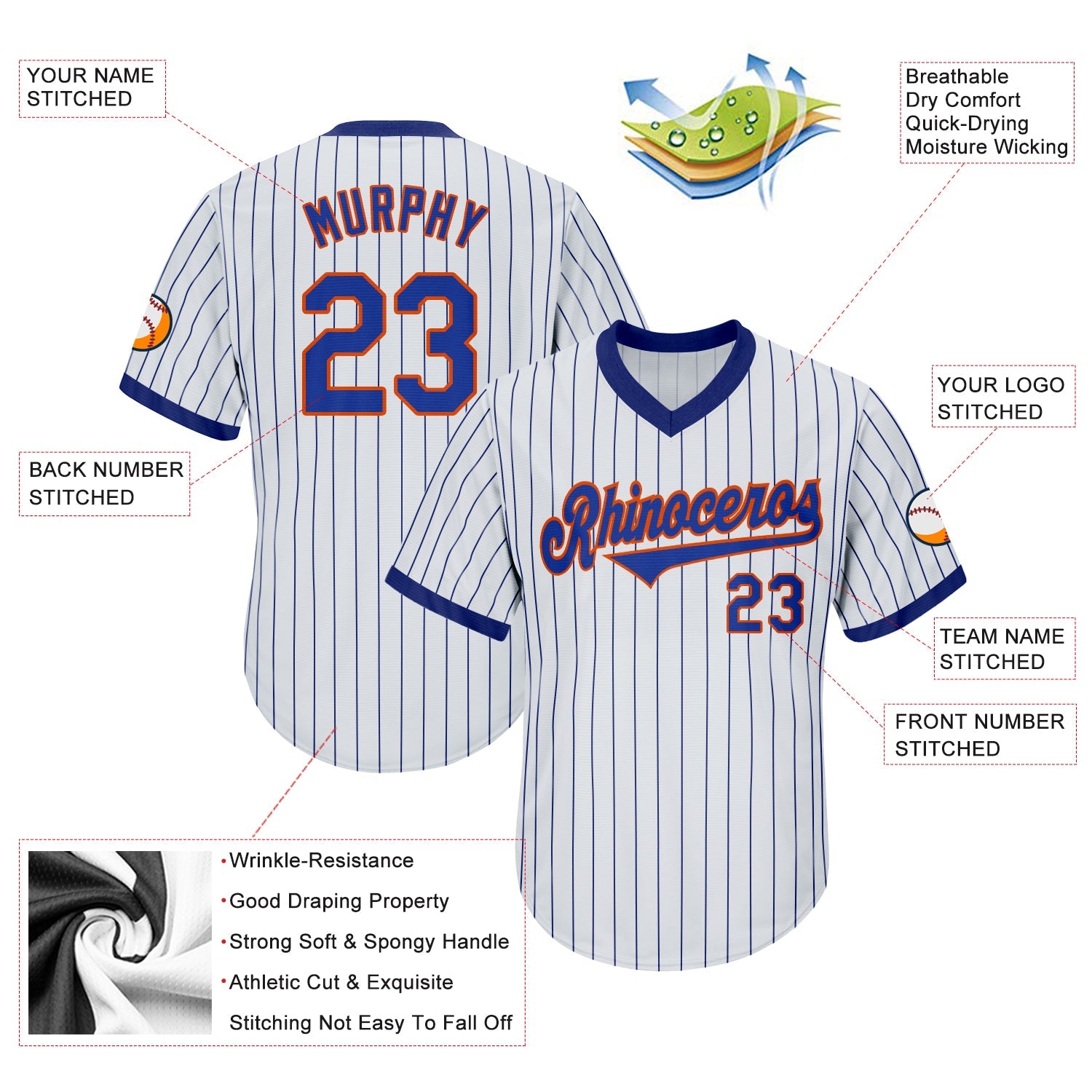 Custom White Royal Pinstripe Royal-Orange Authentic Throwback Rib-Knit Baseball Jersey Shirt view 4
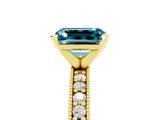 Yellow gold Emerald Cut Blue Topaz Milgrain Pavé Engagement Ring with Four-Prong Setting_17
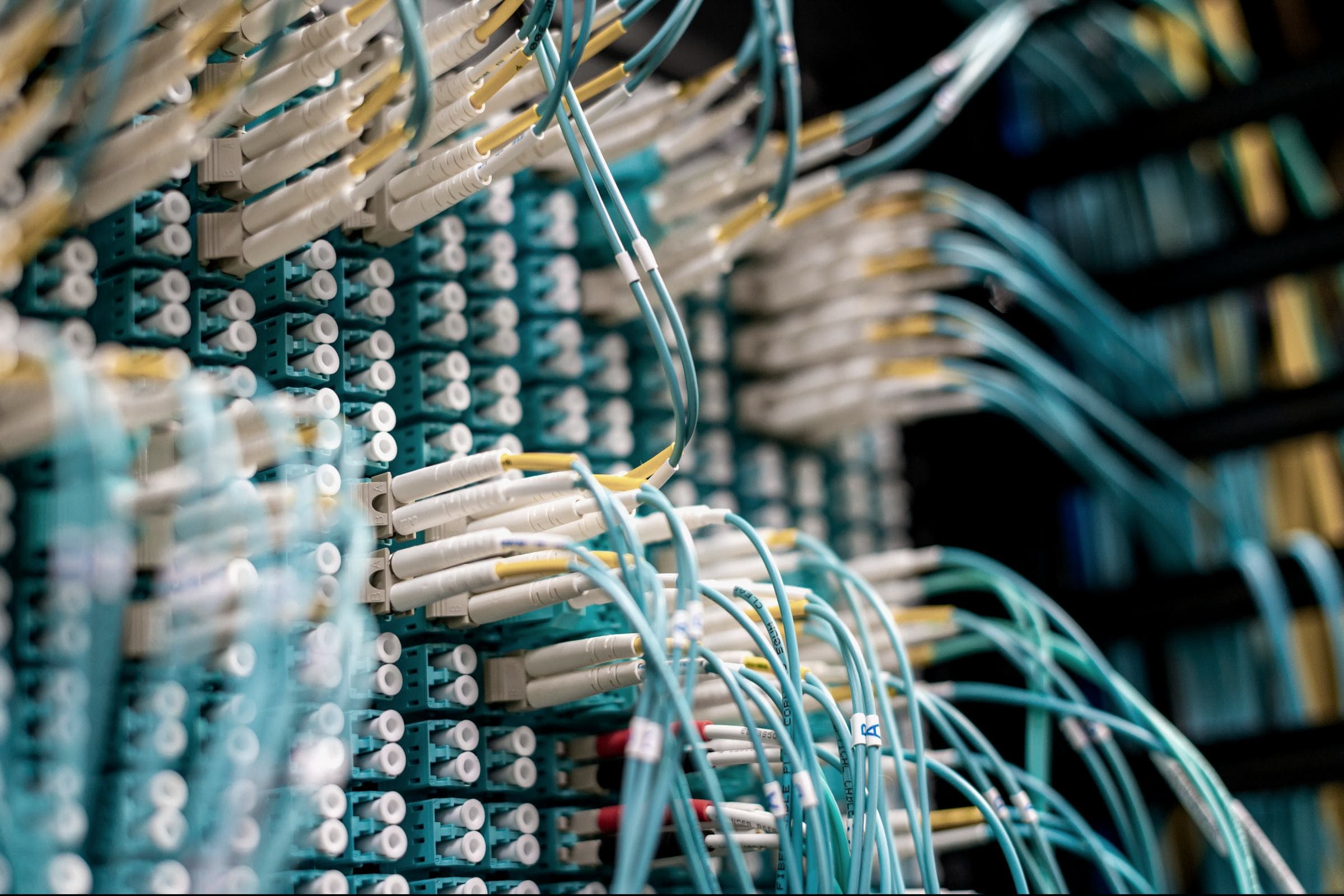 Fibre-optic patch-panel and structured cabling detail in a network room.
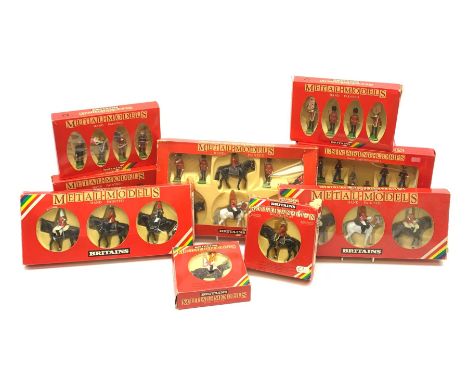 Britains 'Metal-Models' series - nine sets/mounted soldiers comprising 7218 H.M. Queen Elizabeth set, 7233 H.M. Queen Elizabe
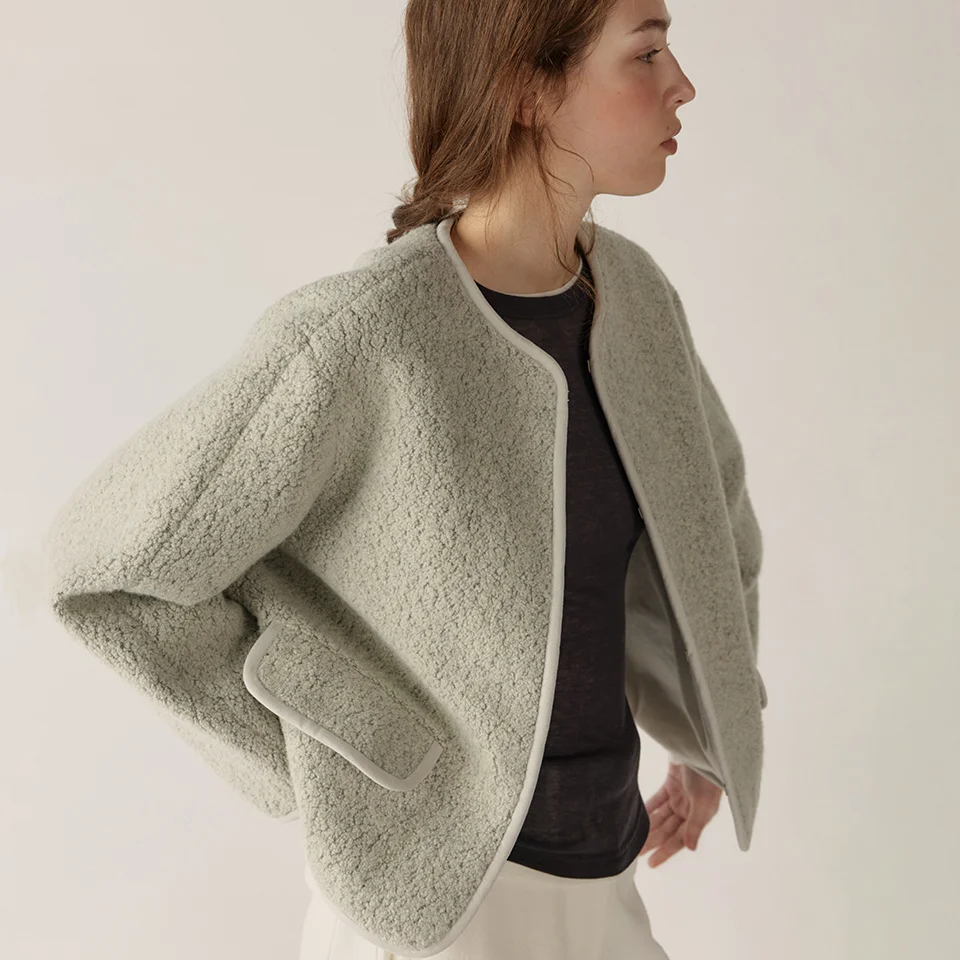 wool boucle jacket (light grey)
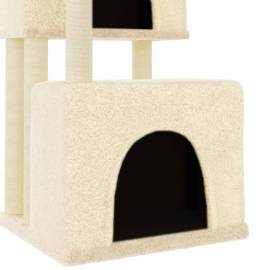 Ansamblu de pisici cu stâlpi din funie de sisal, crem, 122 cm, 6 image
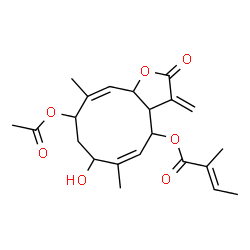 ChemSpider 2D Image | 9-Acetoxy-7-hydroxy-6,10-dimethyl-3-methylene-2-oxo-2,3,3a,4,7,8,9,11a-octahydrocyclodeca[b]furan-4-yl (2E)-2-methyl-2-butenoate | C22H28O7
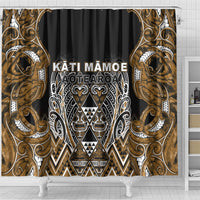 Aotearoa Kati Mamoe Shower Curtain Maori Brown Tribal Paua Shell Pattern DT05 - Polynesian Pride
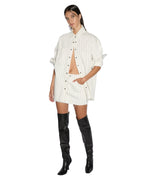 Womens Low Rider Mini Prophetik Slim Skirts - White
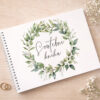 Svatební kniha hostů s jemným zeleným listovým věncem a ručně psaným nápisem Svatební kniha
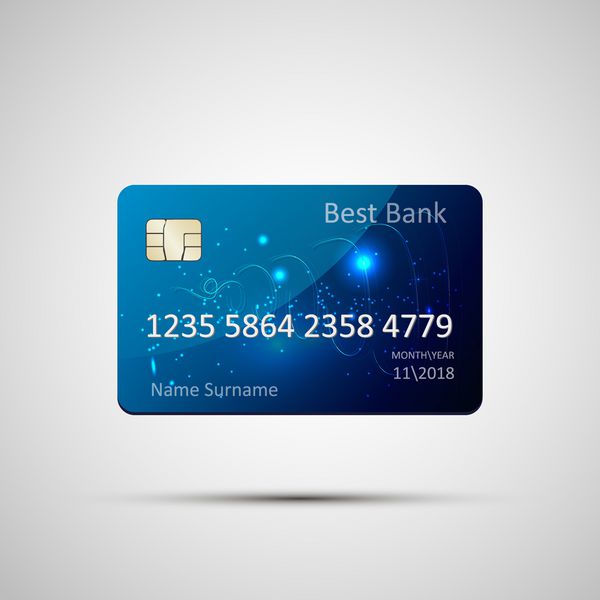 کارت اعتباری آبی جدا شده در زمینه خاکستری با سایه وکتور eps 10 مفهوم کارت اعتباری براق دقیق طراحی چکیده برای تجارت تاریخچه پرداخت مراکز خرید وب چاپ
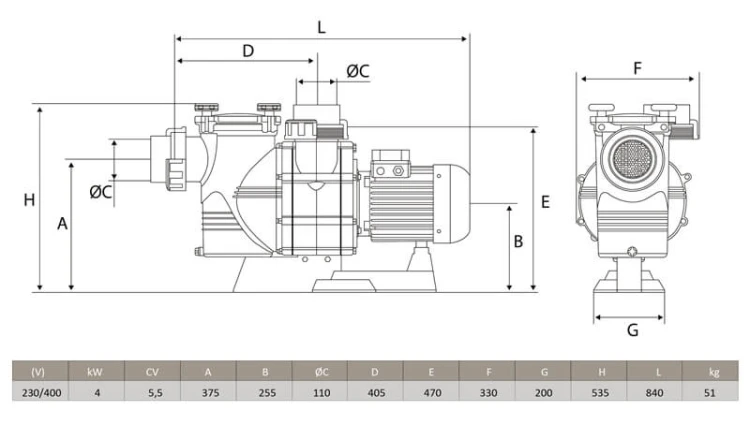 Pompa Basenowa ATLAS 75-150m3/H 5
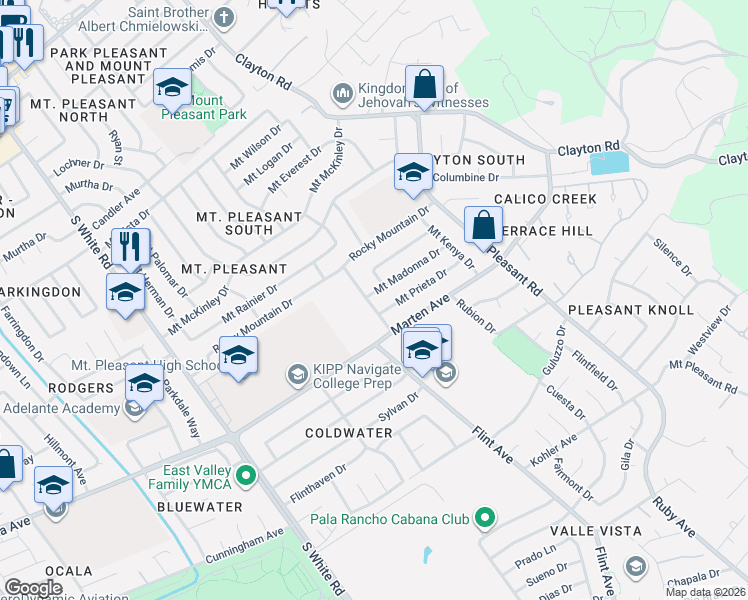 map of restaurants, bars, coffee shops, grocery stores, and more near 1795 Mount Rushmore Drive in San Jose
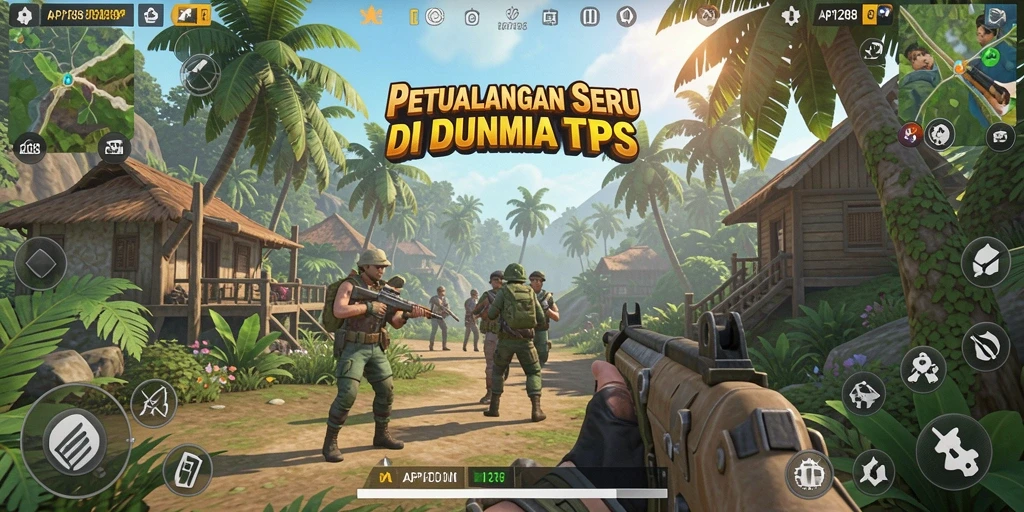 Screenshot gameplay API288 menampilkan aksi tembak-menembak yang intens.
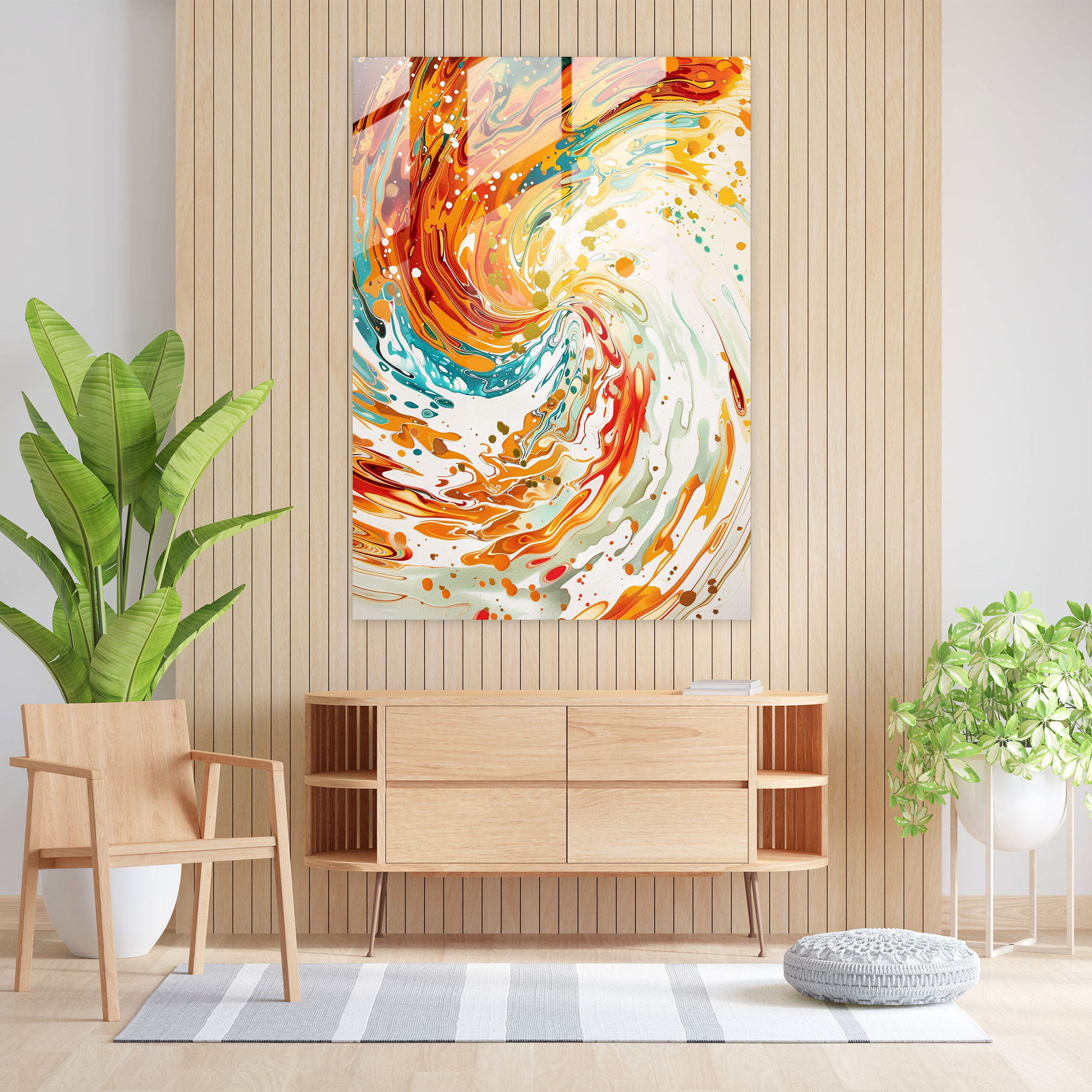 Action Painting Glass Art - Action Painting, Modern Art, Glass Art, Wall Decoration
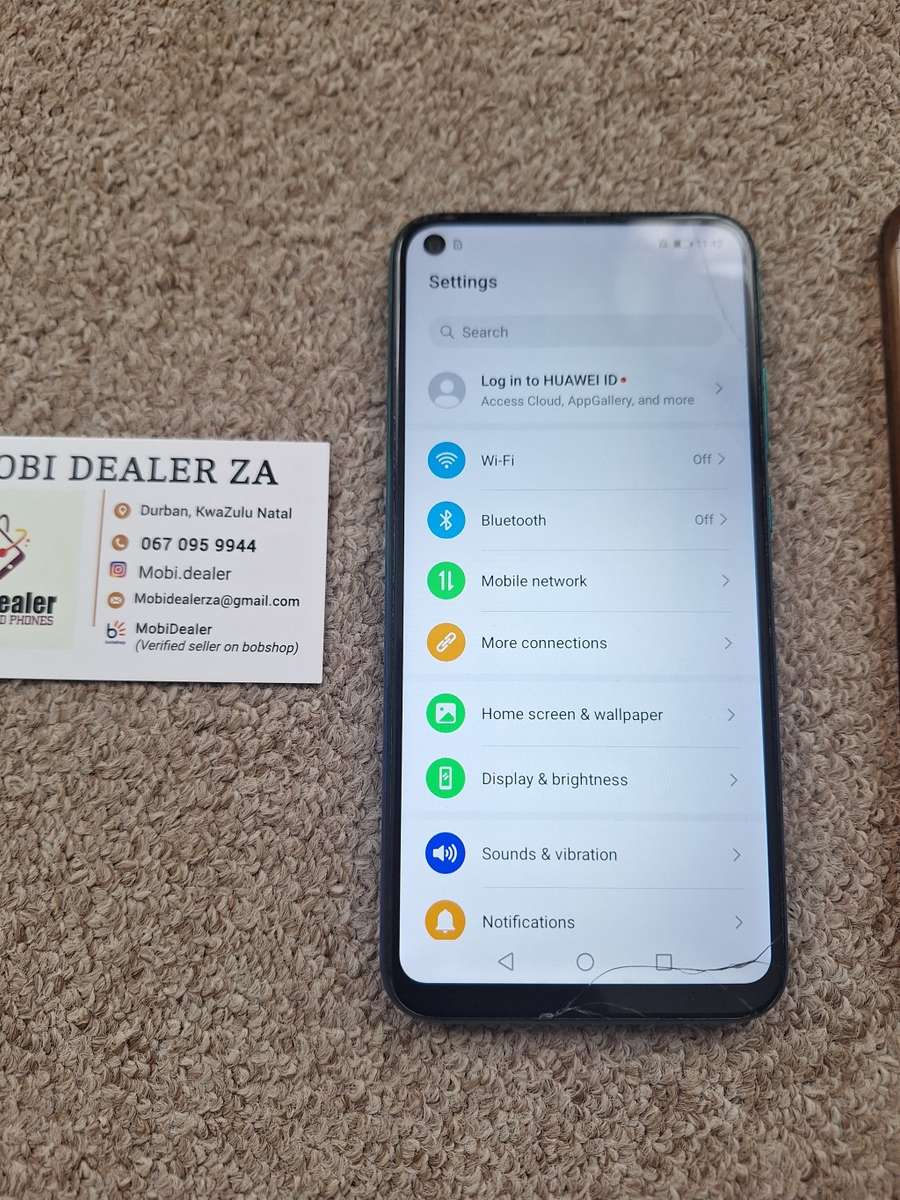 Huawei Y7p 64gb 4gb ram single sim with cover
══════════════════════════════
WHAT IS NEEDED: Make an exact copy of the listing. Leave its pictures out.

OUTPUT FOR THIS EXERCISE:
 Custom White Royal Pinstripe Royal-Orange Authentic Throwback Rib-Knit Baseball Jersey Shirt view 4
 Yellow gold Emerald Cut Blue Topaz Milgrain Pavé Engagement Ring with Four-Prong Setting_17
 Fibre-optic patch-panel and structured cabling detail in a network room.
 Britains 'Metal-Models' series - nine sets/mounted soldiers comprising 7218 H.M. Queen Elizabeth set, 7233 H.M. Queen Elizabe
 wool boucle jacket (light grey)
 Ansamblu de pisici cu stâlpi din funie de sisal, crem, 122 cm, 6 image
 ChemSpider 2D Image | 9-Acetoxy-7-hydroxy-6,10-dimethyl-3-methylene-2-oxo-2,3,3a,4,7,8,9,11a-octahydrocyclodeca[b]furan-4-yl (2E)-2-methyl-2-butenoate | C22H28O7
 Aotearoa Kati Mamoe Shower Curtain Maori Brown Tribal Paua Shell Pattern DT05 - Polynesian Pride
 Womens Low Rider Mini Prophetik Slim Skirts - White
 Svatební kniha hostů s jemným zeleným listovým věncem a ručně psaným nápisem Svatební kniha
 کارت اعتباری آبی جدا شده در زمینه خاکستری با سایه وکتور eps 10 مفهوم کارت اعتباری براق دقیق طراحی چکیده برای تجارت تاریخچه پرداخت مراکز خرید وب چاپ
 Pompa Basenowa ATLAS 75-150m3/H 5
 map of restaurants, bars, coffee shops, grocery stores, and more near 1795 Mount Rushmore Drive in San Jose
 Screenshot gameplay API288 menampilkan aksi tembak-menembak yang intens.
 Action Painting Glass Art - Action Painting, Modern Art, Glass Art, Wall Decoration
 Huawei Y7p 64gb 4gb ram single sim with cover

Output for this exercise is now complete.